EXERCISE OBJECTIVE =>
Every record below should be repeated exactly. Omit the pictures.

Records from a dataset =>
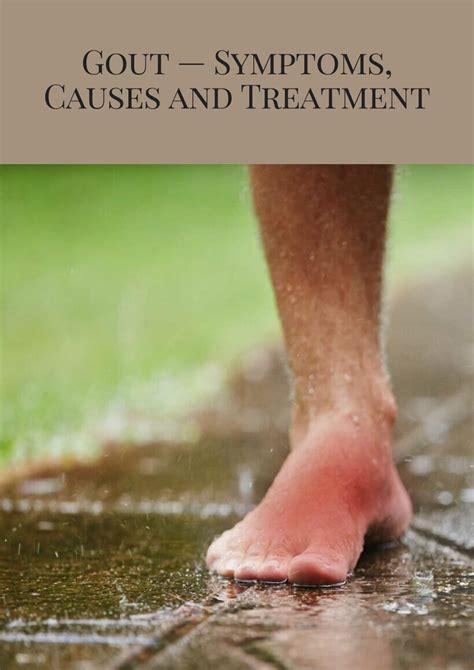 Gout Symptoms Causes And Treatment By Aisha Kapoor Issuu - Vrogue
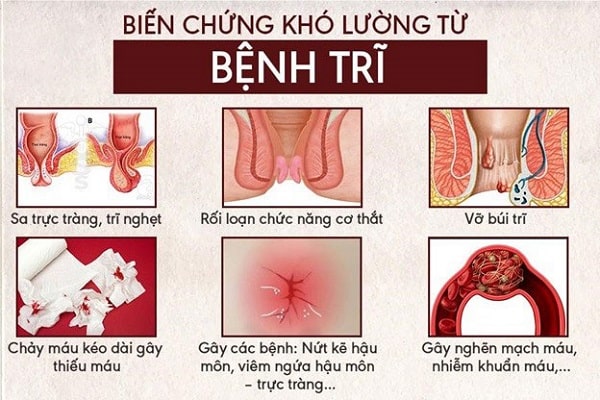 Trĩ nội và trĩ ngoại cái nào nguy hiểm hơn? 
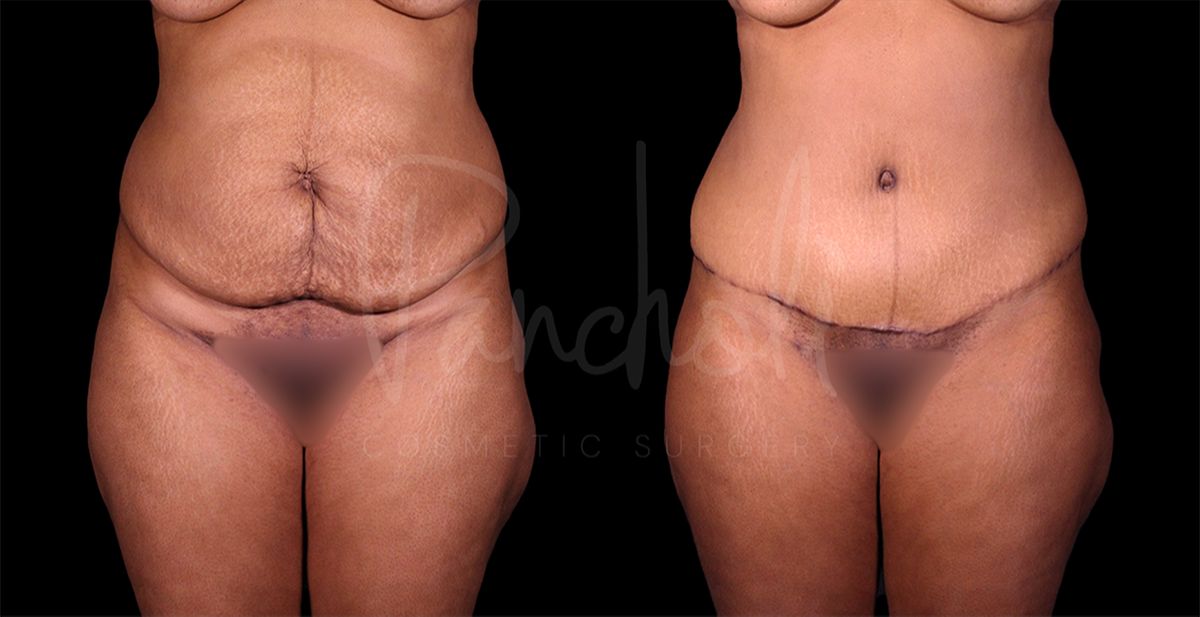 before and after Abdominoplasty with Liposuction front view female patient case 8322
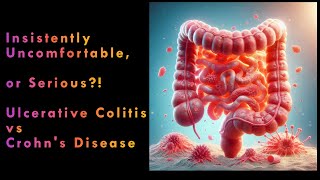 Ulcerative Colitis vs Crohns Disease [upl. by Gardel639]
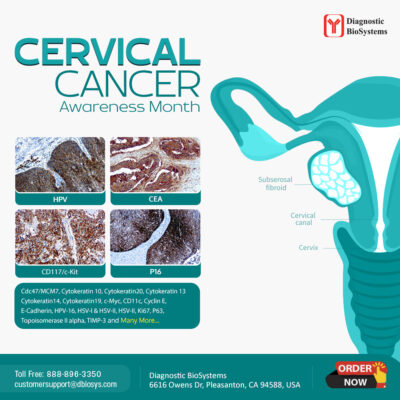 Cervical Cancer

THE COMPLETED TASK =>
 Gout Symptoms Causes And Treatment By Aisha Kapoor Issuu - Vrogue
 Trĩ nội và trĩ ngoại cái nào nguy hiểm hơn? 
 before and after Abdominoplasty with Liposuction front view female patient case 8322
 Ulcerative Colitis vs Crohns Disease [upl. by Gardel639]
 Cervical Cancer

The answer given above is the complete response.